* _YOUR ASSIGNMENT_
Return each line of the listing exactly as written.

* _SOURCE RECORDS_
● ● ● ● ● ● ●
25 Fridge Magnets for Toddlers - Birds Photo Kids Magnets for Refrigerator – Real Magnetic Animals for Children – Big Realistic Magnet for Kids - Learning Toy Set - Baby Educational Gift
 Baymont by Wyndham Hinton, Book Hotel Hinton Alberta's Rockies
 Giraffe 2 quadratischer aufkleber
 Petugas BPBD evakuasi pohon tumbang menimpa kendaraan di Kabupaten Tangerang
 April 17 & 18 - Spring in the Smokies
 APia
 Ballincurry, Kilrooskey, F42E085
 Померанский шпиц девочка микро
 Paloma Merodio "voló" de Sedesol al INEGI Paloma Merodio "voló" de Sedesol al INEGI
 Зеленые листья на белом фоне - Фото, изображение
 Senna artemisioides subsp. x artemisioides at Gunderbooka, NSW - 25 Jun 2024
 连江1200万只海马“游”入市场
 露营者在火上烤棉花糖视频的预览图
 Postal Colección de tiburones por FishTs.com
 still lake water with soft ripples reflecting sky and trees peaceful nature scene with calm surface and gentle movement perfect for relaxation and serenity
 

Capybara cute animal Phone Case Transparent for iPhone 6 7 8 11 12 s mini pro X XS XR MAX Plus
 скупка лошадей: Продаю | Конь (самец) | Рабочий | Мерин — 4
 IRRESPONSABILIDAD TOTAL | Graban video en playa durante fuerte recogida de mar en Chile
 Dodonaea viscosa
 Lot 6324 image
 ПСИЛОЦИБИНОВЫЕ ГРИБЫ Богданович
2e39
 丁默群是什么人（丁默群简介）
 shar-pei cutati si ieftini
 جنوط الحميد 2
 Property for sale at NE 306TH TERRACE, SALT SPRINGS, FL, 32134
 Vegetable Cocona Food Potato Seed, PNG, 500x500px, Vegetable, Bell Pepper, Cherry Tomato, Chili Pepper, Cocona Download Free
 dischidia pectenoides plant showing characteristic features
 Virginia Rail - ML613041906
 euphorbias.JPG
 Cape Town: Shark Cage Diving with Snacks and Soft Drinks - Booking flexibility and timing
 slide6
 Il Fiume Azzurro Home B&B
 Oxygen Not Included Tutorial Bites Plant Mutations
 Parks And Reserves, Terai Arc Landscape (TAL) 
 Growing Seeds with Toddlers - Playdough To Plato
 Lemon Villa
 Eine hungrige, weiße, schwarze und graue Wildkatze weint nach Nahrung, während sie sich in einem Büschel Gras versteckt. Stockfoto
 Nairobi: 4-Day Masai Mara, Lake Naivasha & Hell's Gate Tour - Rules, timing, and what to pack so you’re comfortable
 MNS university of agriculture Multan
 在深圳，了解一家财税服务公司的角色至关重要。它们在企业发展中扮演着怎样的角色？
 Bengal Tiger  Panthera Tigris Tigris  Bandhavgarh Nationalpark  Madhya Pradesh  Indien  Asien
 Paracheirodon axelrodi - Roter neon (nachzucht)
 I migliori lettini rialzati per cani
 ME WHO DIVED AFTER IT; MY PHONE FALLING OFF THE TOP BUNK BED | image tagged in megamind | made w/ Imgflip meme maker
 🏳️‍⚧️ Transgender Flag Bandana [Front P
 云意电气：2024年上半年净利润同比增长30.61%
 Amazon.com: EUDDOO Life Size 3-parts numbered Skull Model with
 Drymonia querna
● ● ● ● ● ● ●
* _RESPONSE FOR THIS EXERCISE_
25 Fridge Magnets for Toddlers - Birds Photo Kids Magnets for Refrigerator – Real Magnetic Animals for Children – Big Realistic Magnet for Kids - Learning Toy Set - Baby Educational Gift
 Baymont by Wyndham Hinton, Book Hotel Hinton Alberta's Rockies
 Giraffe 2 quadratischer aufkleber
 Petugas BPBD evakuasi pohon tumbang menimpa kendaraan di Kabupaten Tangerang
 April 17 & 18 - Spring in the Smokies
 APia
 Ballincurry, Kilrooskey, F42E085
 Померанский шпиц девочка микро
 Paloma Merodio "voló" de Sedesol al INEGI Paloma Merodio "voló" de Sedesol al INEGI
 Зеленые листья на белом фоне - Фото, изображение
 Senna artemisioides subsp. x artemisioides at Gunderbooka, NSW - 25 Jun 2024
 连江1200万只海马“游”入市场
 露营者在火上烤棉花糖视频的预览图
 Postal Colección de tiburones por FishTs.com
 still lake water with soft ripples reflecting sky and trees peaceful nature scene with calm surface and gentle movement perfect for relaxation and serenity
 

Capybara cute animal Phone Case Transparent for iPhone 6 7 8 11 12 s mini pro X XS XR MAX Plus
 скупка лошадей: Продаю | Конь (самец) | Рабочий | Мерин — 4
 IRRESPONSABILIDAD TOTAL | Graban video en playa durante fuerte recogida de mar en Chile
 Dodonaea viscosa
 Lot 6324 image
 ПСИЛОЦИБИНОВЫЕ ГРИБЫ Богданович
2e39
 丁默群是什么人（丁默群简介）
 shar-pei cutati si ieftini
 جنوط الحميد 2
 Property for sale at NE 306TH TERRACE, SALT SPRINGS, FL, 32134
 Vegetable Cocona Food Potato Seed, PNG, 500x500px, Vegetable, Bell Pepper, Cherry Tomato, Chili Pepper, Cocona Download Free
 dischidia pectenoides plant showing characteristic features
 Virginia Rail - ML613041906
 euphorbias.JPG
 Cape Town: Shark Cage Diving with Snacks and Soft Drinks - Booking flexibility and timing
 slide6
 Il Fiume Azzurro Home B&B
 Oxygen Not Included Tutorial Bites Plant Mutations
 Parks And Reserves, Terai Arc Landscape (TAL) 
 Growing Seeds with Toddlers - Playdough To Plato
 Lemon Villa
 Eine hungrige, weiße, schwarze und graue Wildkatze weint nach Nahrung, während sie sich in einem Büschel Gras versteckt. Stockfoto
 Nairobi: 4-Day Masai Mara, Lake Naivasha & Hell's Gate Tour - Rules, timing, and what to pack so you’re comfortable
 MNS university of agriculture Multan
 在深圳，了解一家财税服务公司的角色至关重要。它们在企业发展中扮演着怎样的角色？
 Bengal Tiger  Panthera Tigris Tigris  Bandhavgarh Nationalpark  Madhya Pradesh  Indien  Asien
 Paracheirodon axelrodi - Roter neon (nachzucht)
 I migliori lettini rialzati per cani
 ME WHO DIVED AFTER IT; MY PHONE FALLING OFF THE TOP BUNK BED | image tagged in megamind | made w/ Imgflip meme maker
 🏳️‍⚧️ Transgender Flag Bandana [Front P
 云意电气：2024年上半年净利润同比增长30.61%
 Amazon.com: EUDDOO Life Size 3-parts numbered Skull Model with
 Drymonia querna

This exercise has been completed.